10 Jahre Flüchtlingshilfe - die Erinnerungsveranstaltung am 09.09.2025
Im März 2015 begannen einige Bürger unserer Stadt mit der Flüchtlingshilfe, im September 2025 feierten wir die 10-jährige Dauer der ehrenamtlichen Arbeit mit einer Veranstaltung im Schaustall. Hauptattraktion war ein ca. 2-stündiges Bühnenprogramm mit vielen Akteuren und Projekten der 10-jährigen Geschichte, sowie einigen besonderen Gästen. Die einzelnen Bühnenauftritte wollen wir im folgenden präsentieren.

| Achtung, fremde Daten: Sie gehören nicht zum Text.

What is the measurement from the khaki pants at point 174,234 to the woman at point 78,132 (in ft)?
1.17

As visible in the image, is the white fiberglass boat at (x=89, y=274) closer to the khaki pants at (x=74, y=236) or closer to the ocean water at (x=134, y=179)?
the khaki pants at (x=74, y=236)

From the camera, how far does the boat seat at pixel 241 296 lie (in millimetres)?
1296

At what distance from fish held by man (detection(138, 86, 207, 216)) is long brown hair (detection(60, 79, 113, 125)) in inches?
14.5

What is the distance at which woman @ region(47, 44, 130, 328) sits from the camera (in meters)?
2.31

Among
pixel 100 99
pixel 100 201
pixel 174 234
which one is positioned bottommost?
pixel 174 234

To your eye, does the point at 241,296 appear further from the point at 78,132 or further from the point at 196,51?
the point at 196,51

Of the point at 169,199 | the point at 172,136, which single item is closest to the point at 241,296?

Den musikalischen Rahmen bildete die Band 5000Miles, ein Projekt von Susanne Wagner mit geflüchteten und eingewanderten Menschen.
10 Jahre Mobilität in Langenfeld – die Fahrradgruppe macht es möglich
Die Fahrradgruppe war eine der ersten Errungenschaften der Flüchtlingshilfe und startete bereits Mitte 2015 ihre Arbeit. Mit Unterstützung der Antirassismus AG des Gymnasiums wurden alte Räder aus dem Fahrradkeller der Schule abgeholt und instand gesetzt. Bis heute haben die Helfer und Helferinnen über 1.000 Räder verkehrstüchtig gemacht und an Flüchtlinge übergeben. Trotz mehrerer Umzüge von Lager und Werkstatträumen lässt sich die agile Gruppe nicht aus dem Konzept bringen und stellt auch weiterhin in gewohntem Umfang Räder zur Verfügung.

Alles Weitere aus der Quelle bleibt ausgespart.